Time:2016-05-12   Source:Shenzhen Daily

Visitors at an exhibition that honors Liu Haisu at Artron Art Gallery yesterday.Li Dan

Chinese painting: Mountain Clouds and Pines File photos

Chinese painting: Shixin Peak of the Yellow Mountain (1954)

Oil painting: Girl Wrapped in Fur (1919)

Debra Li


MORE than a century has passed since 17-year-old Liu Haisu founded the first modern school of fine arts in China with some friends. But we haven’t gone much further in art education, according to Wan Jie, president of the Shenzhen-based cultural company Artron Group.

“My parents, I and my child haven’t learned much about art or art history in school,” he said at the opening of an exhibition dedicated to Liu yesterday. “I hope this exhibition helps the public understand how Liu and his contemporary masters had made efforts to enlighten the Chinese people on fine arts.”

To honor the 120th anniversary of Liu Haisu’s birth, the exhibition is being held at Artron Art Gallery in Futian. It consists of introductions to the artist’s life, the books he wrote and compiled for his students, as well as 20 of his original paintings.

“It’s an emotional experience to see the pictures and textbooks that record my father’s life as a young man,” said Liu Qiu, the son of the late master. “It’s important to learn about the background of their time to understand my father’s paintings and the changes in his style.”

An oil painting depicting a vase of sunflowers, one of Liu’s early works, clearly reflects influence from Van Gogh. Another portrait of a naked woman mirrors the style of Gauguin. However, he formed his own unique style drawing from Chinese painting traditions later.

“You can tell from an oil painting depicting the landscape of the Yellow Mountain (done in 1962) that it is definitely and uniquely my father’s style,” the artist’s son said.

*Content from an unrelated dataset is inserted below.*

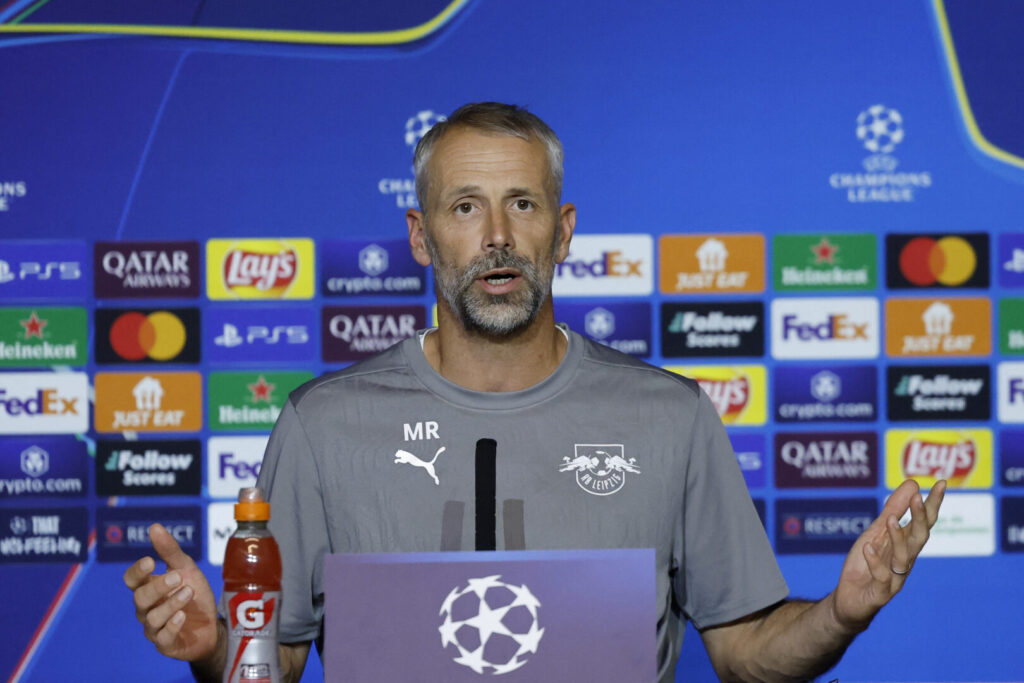 Auf RB Leipzig wartet bei Atletico Madrid gleich zum Champions-League-Auftakt ein Kracher - und eine vertrakte Aufgabe.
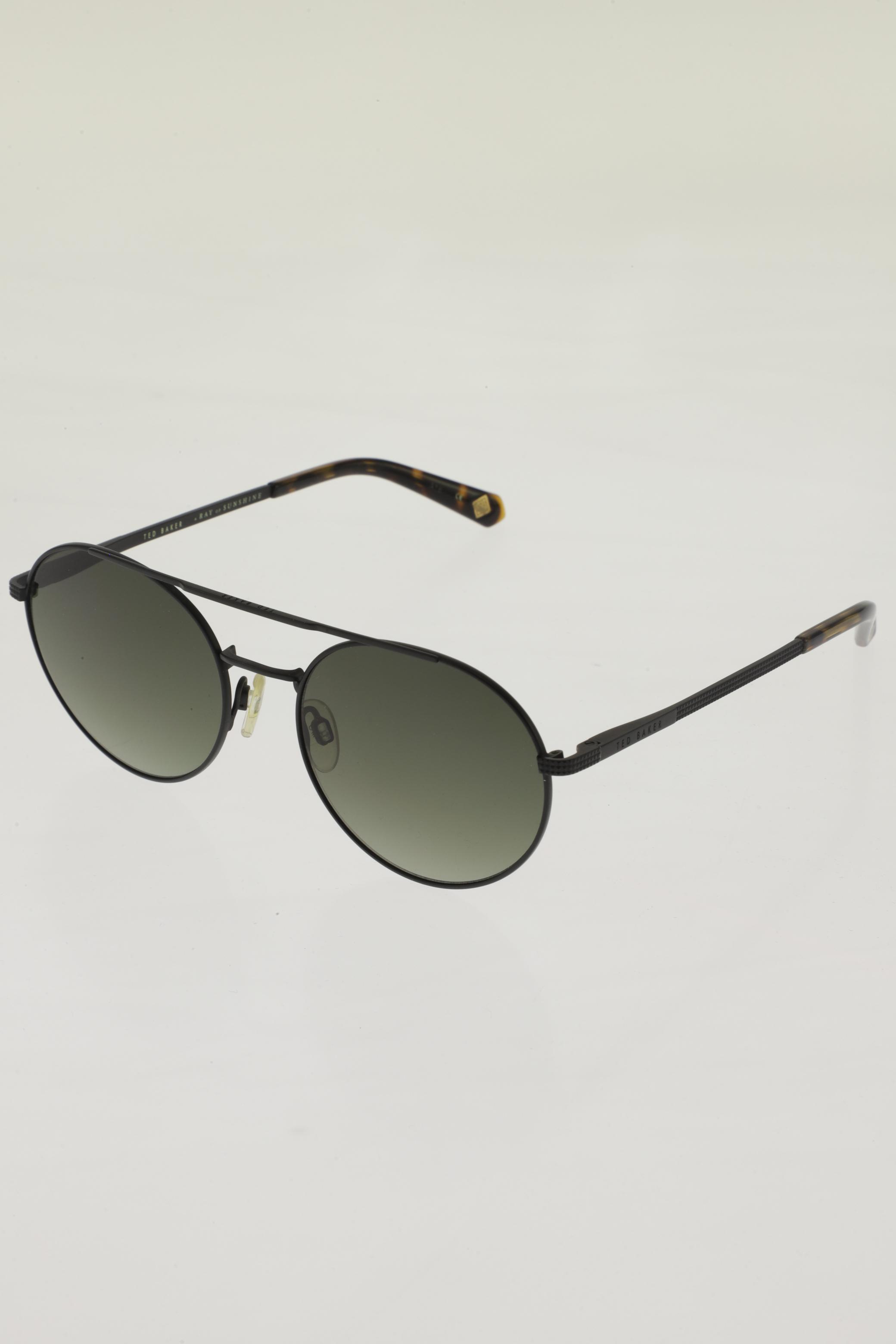 

TED Baker Herren Sonnenbrille, schwarz, Gr.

The exhibition, a highlight of the ICIF events in Futian District, is held in collaboration with Liu Haisu Art Museum in Shanghai.

The museum’s curator Zhu Gang said Liu had achievements in many respects: oil painting, Chinese painting and art education. Liu promoted the idea of painting about real life and using real people as models. He also promoted the practice of mixing girls and boys in a class. Zhu noted Liu was also a patriot. “Liu went to Southeast Asia to raise money for the Chinese army during WWII, and he donated all his paintings to our museum, a public institution, on his death.”

Set up on the second floor of Artron gallery, the exhibition also displays the textbooks compiled by Liu’s contemporaries such as Feng Zikai. One room is set up to look like Liu’s art classroom.

To better understand the influence of Liu’s early works, visitors can observe another exhibition featuring the works of post-impressionists and Fauve artists on the third floor of the gallery.


Liu Haisu (March 16, 1896-Aug. 7, 1994) was a prominent 20th-century Chinese painter and a noted art educator. He excelled in both Chinese and oil painting.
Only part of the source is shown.